Federal agencies are generating, collecting, and moving vast amounts of data into cloud infrastructures. But how can agency data analysts optimize this data to make it useful and shareable with disparate agencies–especially if their missions complement one another–as well as the general public?
Data sharing between agencies enhances the government’s effectiveness. The Environmental Protection Agency has multiple data-sharing agreements with other government entities, such as the departments of Defense, Energy, and Transportation, while U.S Geological Survey water data might benefit analysts at the Department of Agriculture or the Forest Service.
According to Tommy La, managing director and analytics and data management strategy leader with Accenture Federal, agency tech managers should first make sure they have gone through the proper Authority to Operate (ATO) to secure all of their data before putting it in the cloud. Once in the cloud, they must focus on data governance, data tagging, and aggregation as well as implement the proper disclosure avoidance methods to ensure integrity and confidentiality.

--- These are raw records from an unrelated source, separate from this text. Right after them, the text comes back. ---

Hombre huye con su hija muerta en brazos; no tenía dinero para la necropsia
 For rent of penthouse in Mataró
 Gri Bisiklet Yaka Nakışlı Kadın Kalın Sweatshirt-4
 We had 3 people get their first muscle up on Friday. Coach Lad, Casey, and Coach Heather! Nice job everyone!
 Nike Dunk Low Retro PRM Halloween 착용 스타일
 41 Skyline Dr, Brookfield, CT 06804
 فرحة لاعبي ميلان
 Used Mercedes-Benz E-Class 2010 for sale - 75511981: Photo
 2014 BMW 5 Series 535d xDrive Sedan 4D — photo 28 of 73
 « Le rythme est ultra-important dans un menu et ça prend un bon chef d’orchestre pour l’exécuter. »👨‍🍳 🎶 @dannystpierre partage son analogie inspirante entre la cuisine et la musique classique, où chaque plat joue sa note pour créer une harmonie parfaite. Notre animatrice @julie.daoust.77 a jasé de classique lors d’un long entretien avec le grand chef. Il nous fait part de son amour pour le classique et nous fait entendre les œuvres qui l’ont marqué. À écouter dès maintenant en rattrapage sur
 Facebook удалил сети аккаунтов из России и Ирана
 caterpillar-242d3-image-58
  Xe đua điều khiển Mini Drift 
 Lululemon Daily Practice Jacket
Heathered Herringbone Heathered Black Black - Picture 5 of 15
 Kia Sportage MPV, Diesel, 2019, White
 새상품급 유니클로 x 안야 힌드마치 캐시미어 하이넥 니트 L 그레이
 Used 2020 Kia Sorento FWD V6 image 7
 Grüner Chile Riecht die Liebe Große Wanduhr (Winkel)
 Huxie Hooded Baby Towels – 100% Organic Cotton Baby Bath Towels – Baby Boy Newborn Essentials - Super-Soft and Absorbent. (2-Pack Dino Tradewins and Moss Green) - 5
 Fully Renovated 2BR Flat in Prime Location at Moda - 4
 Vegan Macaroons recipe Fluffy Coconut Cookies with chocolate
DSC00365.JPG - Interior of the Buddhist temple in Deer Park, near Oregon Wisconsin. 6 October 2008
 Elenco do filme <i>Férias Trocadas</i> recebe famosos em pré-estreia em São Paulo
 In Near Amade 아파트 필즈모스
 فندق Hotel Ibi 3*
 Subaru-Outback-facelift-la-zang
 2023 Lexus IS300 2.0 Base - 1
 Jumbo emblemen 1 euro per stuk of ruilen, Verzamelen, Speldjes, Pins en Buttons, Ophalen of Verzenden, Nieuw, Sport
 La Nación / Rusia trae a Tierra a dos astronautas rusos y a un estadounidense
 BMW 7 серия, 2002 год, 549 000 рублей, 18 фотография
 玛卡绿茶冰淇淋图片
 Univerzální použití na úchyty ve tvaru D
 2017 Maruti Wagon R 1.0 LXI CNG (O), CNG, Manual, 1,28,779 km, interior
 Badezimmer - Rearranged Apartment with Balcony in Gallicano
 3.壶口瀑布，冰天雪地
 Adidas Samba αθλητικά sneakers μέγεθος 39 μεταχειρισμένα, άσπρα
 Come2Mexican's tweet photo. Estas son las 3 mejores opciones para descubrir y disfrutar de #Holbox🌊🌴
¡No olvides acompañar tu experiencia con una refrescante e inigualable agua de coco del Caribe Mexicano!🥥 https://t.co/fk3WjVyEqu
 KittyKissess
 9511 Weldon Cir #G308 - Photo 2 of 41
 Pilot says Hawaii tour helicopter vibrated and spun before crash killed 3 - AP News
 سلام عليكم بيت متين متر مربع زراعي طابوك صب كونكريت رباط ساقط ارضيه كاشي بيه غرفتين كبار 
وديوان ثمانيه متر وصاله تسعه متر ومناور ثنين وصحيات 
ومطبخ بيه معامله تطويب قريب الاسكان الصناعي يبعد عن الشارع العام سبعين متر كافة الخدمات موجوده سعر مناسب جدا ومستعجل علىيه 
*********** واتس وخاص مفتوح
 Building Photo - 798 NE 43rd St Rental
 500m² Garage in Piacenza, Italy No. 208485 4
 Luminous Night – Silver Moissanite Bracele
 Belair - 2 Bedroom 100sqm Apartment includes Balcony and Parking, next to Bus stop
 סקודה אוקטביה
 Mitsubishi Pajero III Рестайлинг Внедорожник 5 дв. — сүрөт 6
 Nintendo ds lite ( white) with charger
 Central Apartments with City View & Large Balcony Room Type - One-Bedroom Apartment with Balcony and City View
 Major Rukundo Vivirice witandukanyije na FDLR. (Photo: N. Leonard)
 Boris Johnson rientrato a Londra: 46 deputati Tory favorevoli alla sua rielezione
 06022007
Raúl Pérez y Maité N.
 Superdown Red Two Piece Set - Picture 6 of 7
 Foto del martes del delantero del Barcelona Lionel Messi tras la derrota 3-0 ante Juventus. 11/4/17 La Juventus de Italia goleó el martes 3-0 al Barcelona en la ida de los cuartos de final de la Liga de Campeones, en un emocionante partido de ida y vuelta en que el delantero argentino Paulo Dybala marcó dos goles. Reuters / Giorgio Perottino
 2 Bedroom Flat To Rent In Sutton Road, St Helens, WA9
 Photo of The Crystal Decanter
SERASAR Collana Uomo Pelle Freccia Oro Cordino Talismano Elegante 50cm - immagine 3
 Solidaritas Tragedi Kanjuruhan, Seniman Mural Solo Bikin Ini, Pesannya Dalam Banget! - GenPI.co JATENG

“Before data makes its way into the cloud, there are rigorous controls and security that must be put into place. This is the general process the government goes through to ensure that their applications have the authority to operate,” La said.
The ATO basically verifies that the agency has met the controls and security authorization requirements necessary to have a data footprint in the cloud. Ultimately, agency managers want to ensure other government entities and the public that they are being proper stewards of citizen data and other information they collect.
Next, managers must focus on the governance of the data. At this stage, organizations need to ensure that data is properly tagged because tagging provides an agency with the business metadata necessary to find it later.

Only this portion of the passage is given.